William Paterson To Honor Former Coach

WAYNE – William Paterson will honor its legendary former head baseball coach, Jeff Albies, when the University renames its baseball facility in his honor at a ceremony to be held Sunday, Oct. 3.

The complex, currently known as Pioneer Baseball Park, will be dedicated as Jeff Albies Field at 12:00 p.m. at the facility, prior to the Pioneers’ annual Alumni Game on Homecoming Weekend. In case of inclement weather, the event will be conducted at 12:00 p.m. at the University Commons Ballroom. Light refreshments will be offered after the ceremony.


Albies, who coached two national championship teams and finished his career ranked eighth all time in Division III victories, announced his retirement in 2007 after 33 years as the head baseball coach and associate athletic director at William Paterson.

Achieving a 862-401-15 (.680) record during his 33 seasons, Albies led the Pioneers to the 1992 and 1996 NCAA Division III national championships, six NCAA Mid-Atlantic Regional titles (1982, 1988, 1992, 1995, 1996, 1999) and the 1985 NCAA South Atlantic Regional crown. Seven times a participant in the College World Series (1982, 1985, 1988, 1992, 1995, 1996, 1999), William Paterson qualified for the NCAA Tournament 18 times during Albies’ tenure (1977, 1981-89, 1991-93, 1995-99) and won 11 New Jersey Athletic Conference (NJAC) championships (1982-83, 1986-89, 1991-93, 1996-97).

“Jeff Albies had a powerful impact on our baseball program and, more importantly, he had a powerful impact on the lives of the players he coached for 33 years,” said Arnold Speert, president of William Paterson University. “The naming of this facility in his honor is a fitting tribute to Jeff and his many accomplishments.”

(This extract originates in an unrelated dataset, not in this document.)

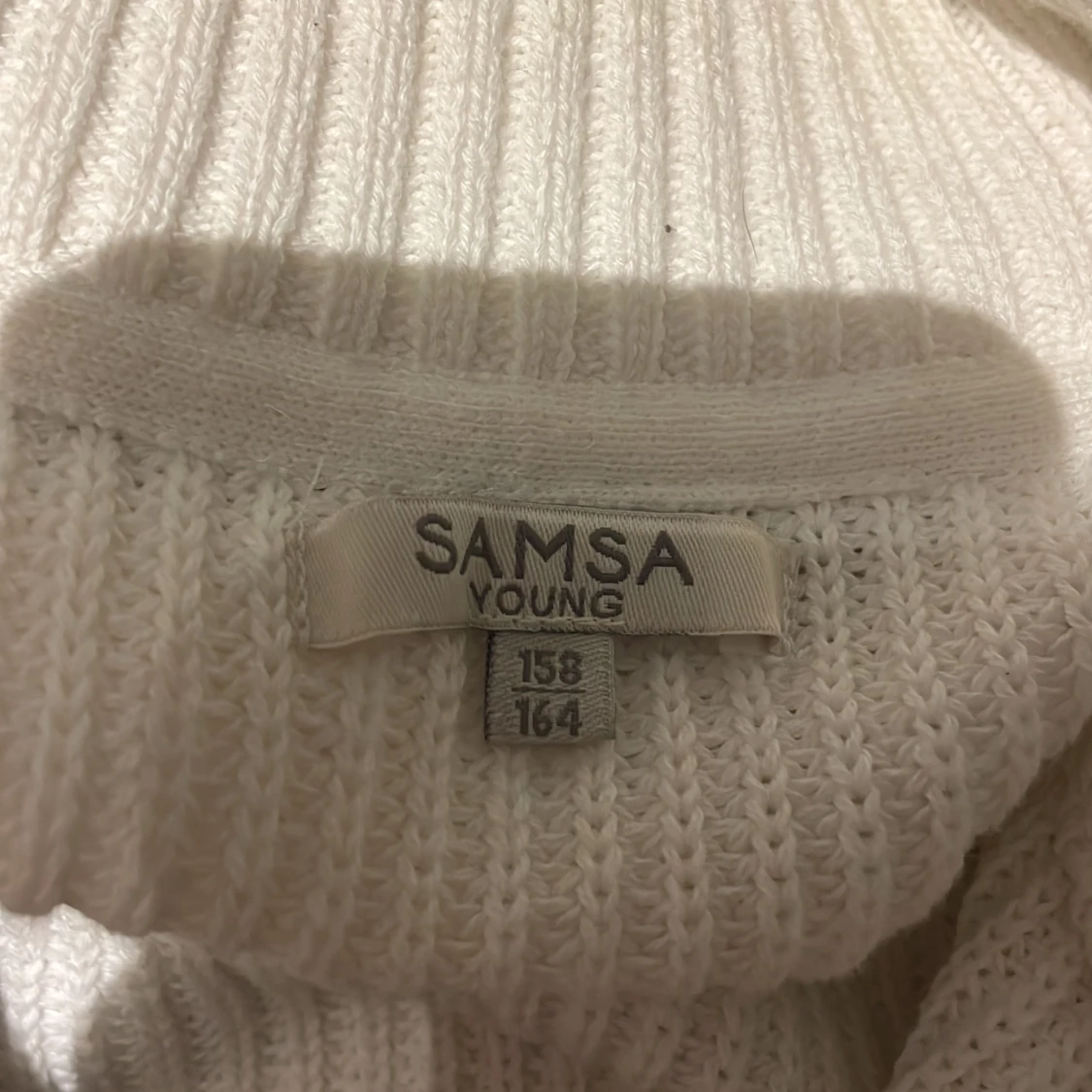 Randig stickad tröja med half zip - 2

Twenty-eight of Albies’ charges were lauded as all-Americans by the American Baseball Coaches Association (ABCA), and 31 Pioneers went on to play professionally, including former New York Yankee Dan Pasqua (’82) and former Baltimore Oriole Bruce Dostal (’88). Six NJAC Players of the Year, five Pitchers of the Year and three Rookies of the Year benefited from Albies’ instruction, while seven different Pioneers were named the New Jersey College Baseball Association (NJCBA) Division II/III Player of the Year and five earned the organization’s Pitcher of the Year award. In all, 20 of his former players, as well as the 1992 national-championship team, have already been enshrined in the William Paterson University Alumni Association Athletic Hall of Fame.

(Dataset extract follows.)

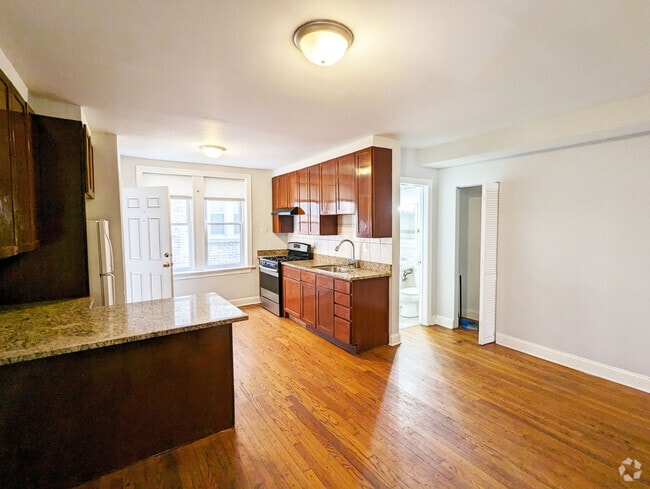Building Photo - 5029 N Harding Ave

“Obviously, it is a tremendous honor,” said Albies. “Needless to say, I was overwhelmed and humbled by the decision to rename the field. Now, walking in to the stadium and seeing my name up there, it will be quite a special experience. I am very appreciative of the support and efforts of President Speert, (athletic director) Sabrina Grant and (head coach) Mike Lauterhahn for making this happen, and it is something that I really feel great about.”

A member of both the ABCA and the William Paterson University Alumni Association Athletic Halls of Fame, the 26-time Coach of the Year honoree finished his career ranked eighth overall and sixth among active Division III coaches in victories (862), and 21st overall and 20th among active coaches in winning percentage (.680).

“The success the William Paterson baseball program enjoyed on the conference, regional and national level with Jeff Albies at the helm certainly warrants this special honor,” said Sabrina Grant, William Paterson Director of Intercollegiate Athletics. “Simply look at the 862 wins during his 33 years, as well as the 11 conference, seven regional and two national championships, and it becomes clear as to why we are proud to recognize him in this manner.”

Two of the greatest seasons in Pioneer athletic history came in the springs of 1992 and 1996, when William Paterson reached the pinnacle of Division III baseball. Both title-game victories came in dramatic fashion, thanks to late-game rallies against California Lutheran (3-1 in 1992, 6-5 in 1996).

Albies’ passion for the game extended off the field, where he served as the national baseball chairperson of the NCAA Division III Championship and Mid-Atlantic Region committees. In addition, he served on the NCAA Division III All-America, NCAA Selection and Legislative Action, and ABCA committees. He also coached in the prestigious Cape Cod League that showcases the nation’s top college players each summer.

Prior to his coaching career, Albies played second base in the Atlanta Braves’ organization from 1965-68 before playing professionally in Canada from 1969-70. He earned a bachelor’s degree in physical education at Long Island University in 1968, a master’s in health and physical education at Hunter College in 1972, and an administration and supervisory certificate from Fordham University in 1975.